In particular, for fixed $k\in \mathbb{N}$ , one can take $A_k$ to be the subset of those rooted graphs (G, o) for which the root o has degree k in G, to conclude that

\begin{align*} \frac{N_k(\mathbb{G}_n)}{n} {{\stackrel{\mathbb{P}}{\rightarrow}}} \mathbb{P}\left(D=k\right)\!, \end{align*}

where $N_k(\mathbb{G}_n)$ is the number of vertices with degree k in $\mathbb{G}_n$ , and where D is the degree of 0 in $\mathbb{G}_{\infty}$ .

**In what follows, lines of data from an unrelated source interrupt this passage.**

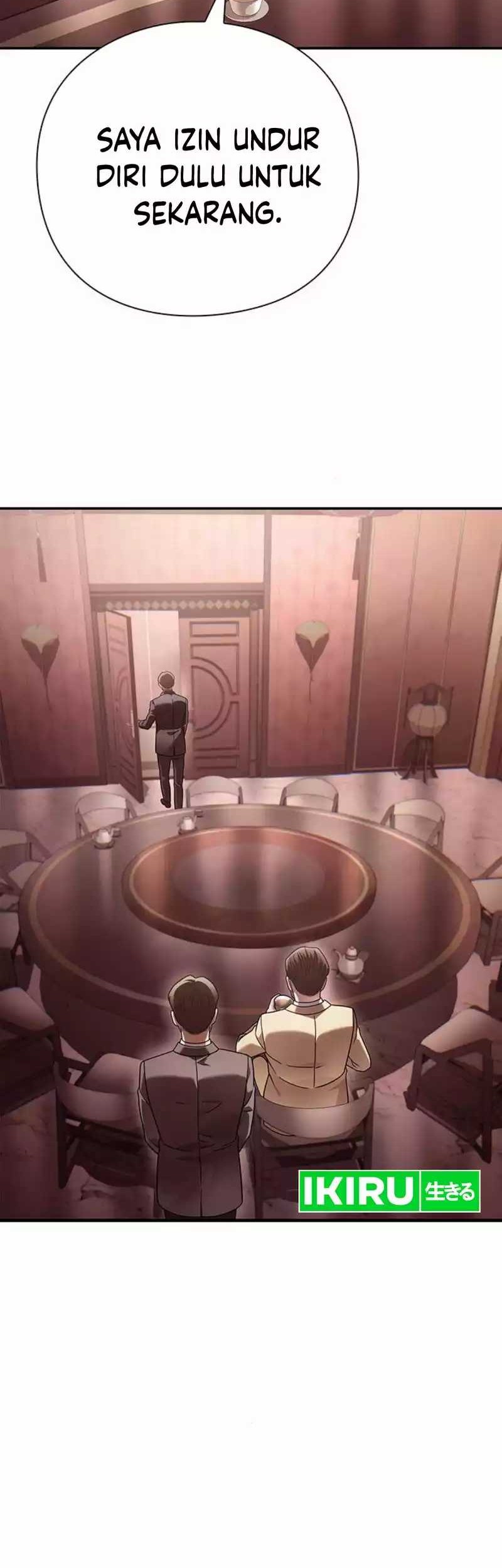 Office Worker Who Sees Fate Chapter 108 Gambar 8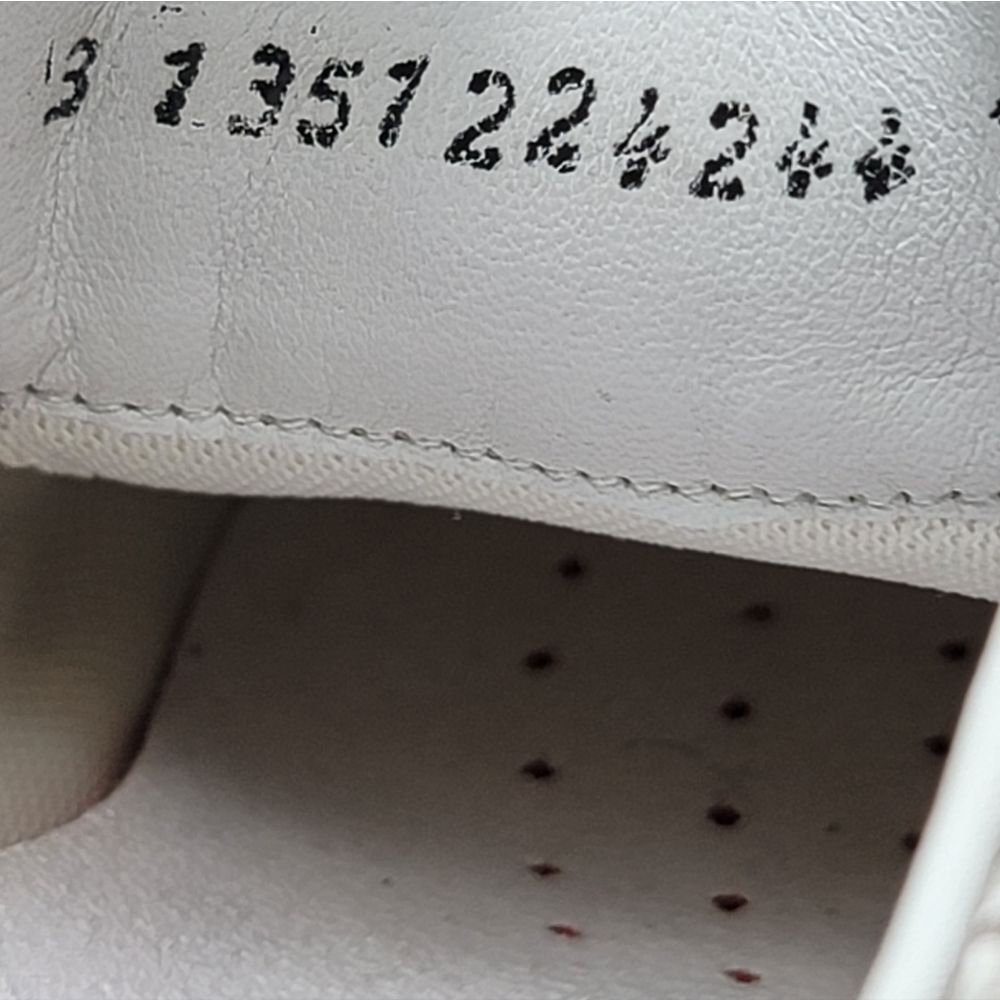 Mephisto Laser Perf Run Off Air Jet Nubuck Leather Sneakers Women’s Size 9.5 - Picture 11 of 12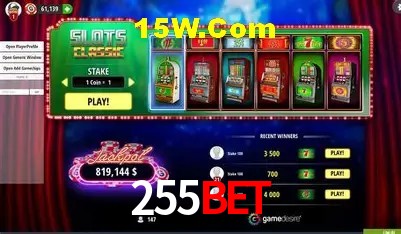 Design Responsivo 255bet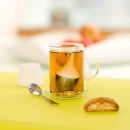 Zaparzaczka AdHoc Hangtea mała biała A-TE51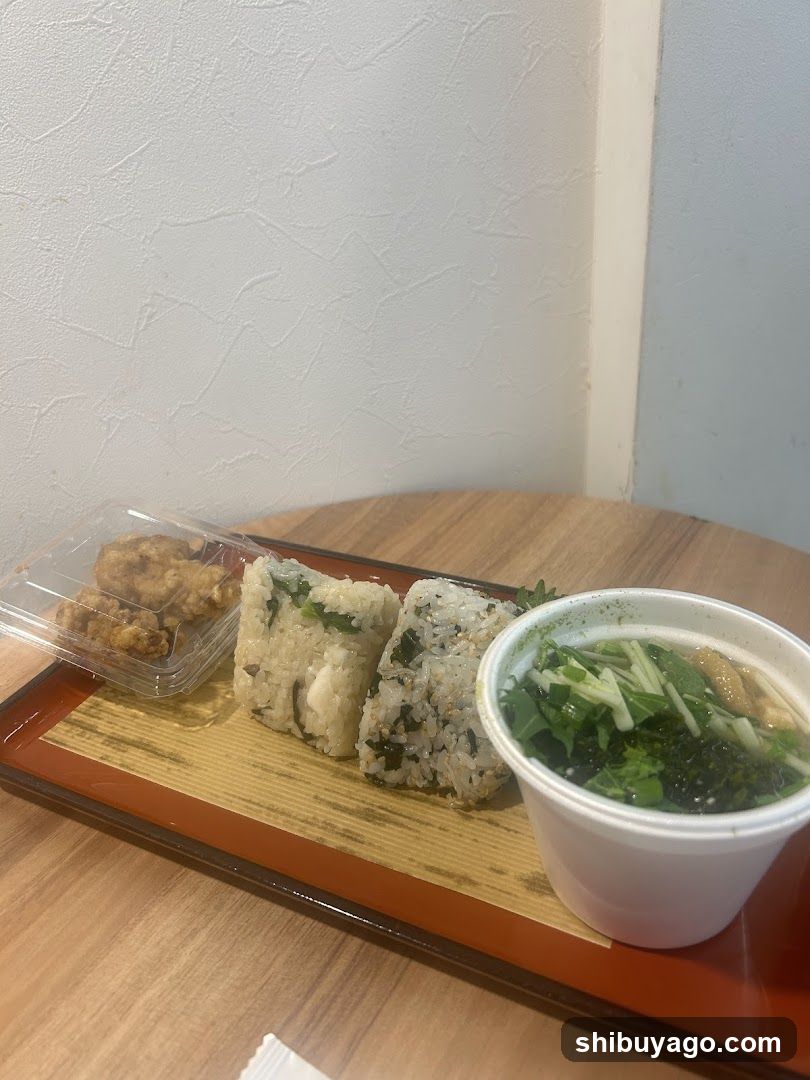 Omusubi Gonbei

Taking expectation and applying dominated convergence, we have that for any $ {k} \in \mathbb{N}$ , $\mathbb{P}\left(D_n=k\right)\to \mathbb{P}\left(D=k\right)$ as $n \to \infty$ , where $D_n$ is the degree of $U_n$ in $\mathbb{G}_n$ , which implies

(20) \begin{equation} D_n {{\stackrel{d}{\rightarrow}}} D, \end{equation}

(where ${{\stackrel{d}{\rightarrow}}}$ means convergence in distribution) as $n \to \infty$ . We next give a description of the random variable D. For this, let $W_0$ be the weight of 0 in $\mathbb{G}_{\infty}$ , and let $W^{(1)}$ be an independent copy of $W_0$ .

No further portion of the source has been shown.